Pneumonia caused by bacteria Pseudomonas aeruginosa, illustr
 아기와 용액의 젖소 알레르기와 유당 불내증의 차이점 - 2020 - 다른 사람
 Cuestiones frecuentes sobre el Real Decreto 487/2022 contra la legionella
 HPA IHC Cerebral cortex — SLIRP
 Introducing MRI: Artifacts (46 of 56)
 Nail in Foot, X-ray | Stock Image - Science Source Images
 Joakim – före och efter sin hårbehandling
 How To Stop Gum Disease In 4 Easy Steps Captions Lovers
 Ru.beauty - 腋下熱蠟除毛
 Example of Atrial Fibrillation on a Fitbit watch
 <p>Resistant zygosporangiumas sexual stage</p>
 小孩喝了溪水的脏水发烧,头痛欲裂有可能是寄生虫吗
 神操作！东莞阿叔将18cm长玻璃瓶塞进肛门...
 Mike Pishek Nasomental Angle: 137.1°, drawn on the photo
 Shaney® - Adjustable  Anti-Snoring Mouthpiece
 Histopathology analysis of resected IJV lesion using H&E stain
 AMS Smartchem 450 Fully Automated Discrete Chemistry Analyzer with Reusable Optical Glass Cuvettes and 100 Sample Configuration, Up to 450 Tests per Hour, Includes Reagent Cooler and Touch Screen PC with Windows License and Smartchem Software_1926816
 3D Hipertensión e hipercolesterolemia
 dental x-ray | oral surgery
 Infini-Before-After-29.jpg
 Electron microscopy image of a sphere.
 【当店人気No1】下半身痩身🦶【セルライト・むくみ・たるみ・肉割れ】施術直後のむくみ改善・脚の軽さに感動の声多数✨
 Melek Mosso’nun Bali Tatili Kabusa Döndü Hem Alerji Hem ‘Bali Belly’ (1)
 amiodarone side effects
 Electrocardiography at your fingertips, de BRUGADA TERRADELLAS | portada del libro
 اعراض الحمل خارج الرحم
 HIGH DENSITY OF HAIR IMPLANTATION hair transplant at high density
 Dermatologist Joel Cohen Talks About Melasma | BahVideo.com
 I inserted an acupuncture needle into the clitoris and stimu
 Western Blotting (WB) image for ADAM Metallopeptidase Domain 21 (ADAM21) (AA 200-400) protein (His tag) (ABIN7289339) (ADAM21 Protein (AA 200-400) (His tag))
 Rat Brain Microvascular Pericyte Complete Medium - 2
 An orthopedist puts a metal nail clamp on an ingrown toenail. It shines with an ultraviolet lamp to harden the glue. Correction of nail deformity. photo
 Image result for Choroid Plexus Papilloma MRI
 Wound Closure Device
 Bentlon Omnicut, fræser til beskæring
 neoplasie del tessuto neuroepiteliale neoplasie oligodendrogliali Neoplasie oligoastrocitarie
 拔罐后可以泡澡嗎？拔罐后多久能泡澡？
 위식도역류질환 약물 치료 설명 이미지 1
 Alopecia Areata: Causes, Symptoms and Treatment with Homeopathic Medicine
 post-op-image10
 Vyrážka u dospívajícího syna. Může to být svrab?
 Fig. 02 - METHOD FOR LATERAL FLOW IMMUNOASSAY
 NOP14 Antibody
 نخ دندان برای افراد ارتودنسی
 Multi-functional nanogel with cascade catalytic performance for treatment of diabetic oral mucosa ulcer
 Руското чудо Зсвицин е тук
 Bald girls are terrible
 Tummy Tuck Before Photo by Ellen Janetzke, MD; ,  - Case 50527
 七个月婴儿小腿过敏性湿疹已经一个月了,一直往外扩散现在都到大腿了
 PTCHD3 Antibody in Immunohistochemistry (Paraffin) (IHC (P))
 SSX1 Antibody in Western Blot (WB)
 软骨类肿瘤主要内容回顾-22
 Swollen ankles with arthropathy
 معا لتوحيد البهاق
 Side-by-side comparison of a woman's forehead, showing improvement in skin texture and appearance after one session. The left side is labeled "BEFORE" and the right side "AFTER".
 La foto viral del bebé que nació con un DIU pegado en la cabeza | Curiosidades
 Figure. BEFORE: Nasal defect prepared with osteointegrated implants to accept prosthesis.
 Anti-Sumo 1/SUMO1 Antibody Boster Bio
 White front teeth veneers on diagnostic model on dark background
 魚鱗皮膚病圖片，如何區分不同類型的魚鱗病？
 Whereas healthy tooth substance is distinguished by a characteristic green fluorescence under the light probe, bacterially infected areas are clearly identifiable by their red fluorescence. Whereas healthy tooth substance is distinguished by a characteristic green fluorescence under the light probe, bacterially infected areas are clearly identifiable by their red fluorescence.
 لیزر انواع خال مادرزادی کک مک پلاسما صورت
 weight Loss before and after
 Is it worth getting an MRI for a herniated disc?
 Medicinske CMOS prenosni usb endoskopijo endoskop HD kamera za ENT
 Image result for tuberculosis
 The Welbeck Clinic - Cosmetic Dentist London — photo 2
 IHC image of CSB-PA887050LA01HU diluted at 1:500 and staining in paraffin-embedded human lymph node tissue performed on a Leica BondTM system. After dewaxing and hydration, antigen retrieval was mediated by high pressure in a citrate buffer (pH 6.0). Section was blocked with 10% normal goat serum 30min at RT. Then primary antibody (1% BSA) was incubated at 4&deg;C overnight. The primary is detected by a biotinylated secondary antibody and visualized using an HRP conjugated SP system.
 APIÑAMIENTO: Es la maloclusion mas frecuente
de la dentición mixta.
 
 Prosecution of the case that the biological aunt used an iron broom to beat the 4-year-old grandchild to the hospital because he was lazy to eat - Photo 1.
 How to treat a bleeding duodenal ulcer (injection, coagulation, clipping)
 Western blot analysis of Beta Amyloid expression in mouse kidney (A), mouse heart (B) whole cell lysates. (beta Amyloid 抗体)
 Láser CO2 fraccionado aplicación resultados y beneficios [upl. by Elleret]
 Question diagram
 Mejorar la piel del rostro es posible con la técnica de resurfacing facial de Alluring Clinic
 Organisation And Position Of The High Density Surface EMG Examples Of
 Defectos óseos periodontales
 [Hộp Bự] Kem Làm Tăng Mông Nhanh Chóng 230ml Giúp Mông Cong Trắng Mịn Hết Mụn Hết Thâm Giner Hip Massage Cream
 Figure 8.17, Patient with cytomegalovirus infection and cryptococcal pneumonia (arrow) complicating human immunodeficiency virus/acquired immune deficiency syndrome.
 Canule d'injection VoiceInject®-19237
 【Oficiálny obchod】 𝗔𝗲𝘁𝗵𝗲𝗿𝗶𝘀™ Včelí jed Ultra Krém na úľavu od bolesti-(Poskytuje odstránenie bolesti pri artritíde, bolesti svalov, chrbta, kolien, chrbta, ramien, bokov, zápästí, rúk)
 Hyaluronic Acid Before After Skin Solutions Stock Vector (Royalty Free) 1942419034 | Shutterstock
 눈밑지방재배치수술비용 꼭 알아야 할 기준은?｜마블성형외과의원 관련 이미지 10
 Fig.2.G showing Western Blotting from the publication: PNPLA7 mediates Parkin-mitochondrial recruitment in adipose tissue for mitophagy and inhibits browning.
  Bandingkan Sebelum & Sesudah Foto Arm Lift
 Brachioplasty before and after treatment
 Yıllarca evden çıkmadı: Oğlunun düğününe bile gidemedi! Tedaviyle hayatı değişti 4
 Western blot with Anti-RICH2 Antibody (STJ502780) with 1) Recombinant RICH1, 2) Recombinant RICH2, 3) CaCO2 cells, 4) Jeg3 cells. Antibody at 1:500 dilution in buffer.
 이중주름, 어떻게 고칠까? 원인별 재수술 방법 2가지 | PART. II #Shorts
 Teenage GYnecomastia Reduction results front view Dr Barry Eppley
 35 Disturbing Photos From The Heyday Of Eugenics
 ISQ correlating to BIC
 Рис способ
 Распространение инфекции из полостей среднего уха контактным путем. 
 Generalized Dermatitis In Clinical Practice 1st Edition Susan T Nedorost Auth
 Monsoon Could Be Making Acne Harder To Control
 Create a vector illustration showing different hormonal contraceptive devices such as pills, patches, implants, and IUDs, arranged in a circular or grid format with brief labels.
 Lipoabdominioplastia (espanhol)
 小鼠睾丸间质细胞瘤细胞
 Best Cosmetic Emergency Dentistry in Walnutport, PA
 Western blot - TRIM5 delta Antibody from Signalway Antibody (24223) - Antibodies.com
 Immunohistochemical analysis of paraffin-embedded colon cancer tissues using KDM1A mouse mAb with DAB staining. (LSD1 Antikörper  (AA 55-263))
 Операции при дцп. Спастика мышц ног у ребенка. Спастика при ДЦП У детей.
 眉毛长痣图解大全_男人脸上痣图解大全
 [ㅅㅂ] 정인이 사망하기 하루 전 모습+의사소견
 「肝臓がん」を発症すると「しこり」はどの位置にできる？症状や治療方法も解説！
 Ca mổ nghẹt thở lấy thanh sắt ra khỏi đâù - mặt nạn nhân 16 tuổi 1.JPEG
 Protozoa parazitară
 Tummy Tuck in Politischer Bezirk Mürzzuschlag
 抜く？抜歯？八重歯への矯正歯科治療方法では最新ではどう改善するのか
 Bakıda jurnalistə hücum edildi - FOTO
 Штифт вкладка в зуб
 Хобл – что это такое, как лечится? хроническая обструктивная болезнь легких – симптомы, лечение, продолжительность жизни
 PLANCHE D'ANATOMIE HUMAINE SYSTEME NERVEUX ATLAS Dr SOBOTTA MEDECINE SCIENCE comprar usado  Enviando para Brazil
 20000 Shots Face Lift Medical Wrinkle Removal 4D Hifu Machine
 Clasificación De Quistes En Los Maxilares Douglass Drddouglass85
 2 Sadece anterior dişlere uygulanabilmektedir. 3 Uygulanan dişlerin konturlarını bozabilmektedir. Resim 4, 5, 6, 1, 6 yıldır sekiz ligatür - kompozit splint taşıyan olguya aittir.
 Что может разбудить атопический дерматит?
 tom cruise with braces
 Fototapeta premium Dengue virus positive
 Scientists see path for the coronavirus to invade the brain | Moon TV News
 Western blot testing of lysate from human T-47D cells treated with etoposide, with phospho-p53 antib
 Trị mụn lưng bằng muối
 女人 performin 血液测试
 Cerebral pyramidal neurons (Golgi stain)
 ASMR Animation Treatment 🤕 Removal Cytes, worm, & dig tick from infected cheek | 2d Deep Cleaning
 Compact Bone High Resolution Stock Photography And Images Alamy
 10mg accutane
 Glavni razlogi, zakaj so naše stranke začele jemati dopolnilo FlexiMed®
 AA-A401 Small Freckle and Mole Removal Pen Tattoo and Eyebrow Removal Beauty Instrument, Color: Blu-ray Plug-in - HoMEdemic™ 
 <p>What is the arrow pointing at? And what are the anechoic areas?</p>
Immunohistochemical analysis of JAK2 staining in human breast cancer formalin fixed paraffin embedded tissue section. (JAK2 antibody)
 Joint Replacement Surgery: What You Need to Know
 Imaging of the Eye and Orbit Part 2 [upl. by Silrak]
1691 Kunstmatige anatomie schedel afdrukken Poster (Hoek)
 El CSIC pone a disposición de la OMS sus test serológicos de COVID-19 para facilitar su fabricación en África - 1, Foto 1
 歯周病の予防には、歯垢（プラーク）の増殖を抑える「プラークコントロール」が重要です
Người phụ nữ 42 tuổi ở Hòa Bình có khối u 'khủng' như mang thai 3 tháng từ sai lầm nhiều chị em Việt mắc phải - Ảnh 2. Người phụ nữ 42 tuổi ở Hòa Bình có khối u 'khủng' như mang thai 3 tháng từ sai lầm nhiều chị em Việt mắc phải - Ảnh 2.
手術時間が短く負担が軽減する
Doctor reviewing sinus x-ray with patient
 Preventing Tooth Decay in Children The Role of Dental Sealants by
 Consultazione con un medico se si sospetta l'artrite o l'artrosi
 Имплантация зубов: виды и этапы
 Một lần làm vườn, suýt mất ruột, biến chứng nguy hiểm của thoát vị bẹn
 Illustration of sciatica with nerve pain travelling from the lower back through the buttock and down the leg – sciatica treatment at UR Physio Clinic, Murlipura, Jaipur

════════════════

§ **ABOUT THIS TASK**
Copy every line in the records above that contains the word "mouse".

§ **EXPECTED ANSWER**
 Western blot analysis of Beta Amyloid expression in mouse kidney (A), mouse heart (B) whole cell lysates. (beta Amyloid 抗体)
 Immunohistochemical analysis of paraffin-embedded colon cancer tissues using KDM1A mouse mAb with DAB staining. (LSD1 Antikörper  (AA 55-263))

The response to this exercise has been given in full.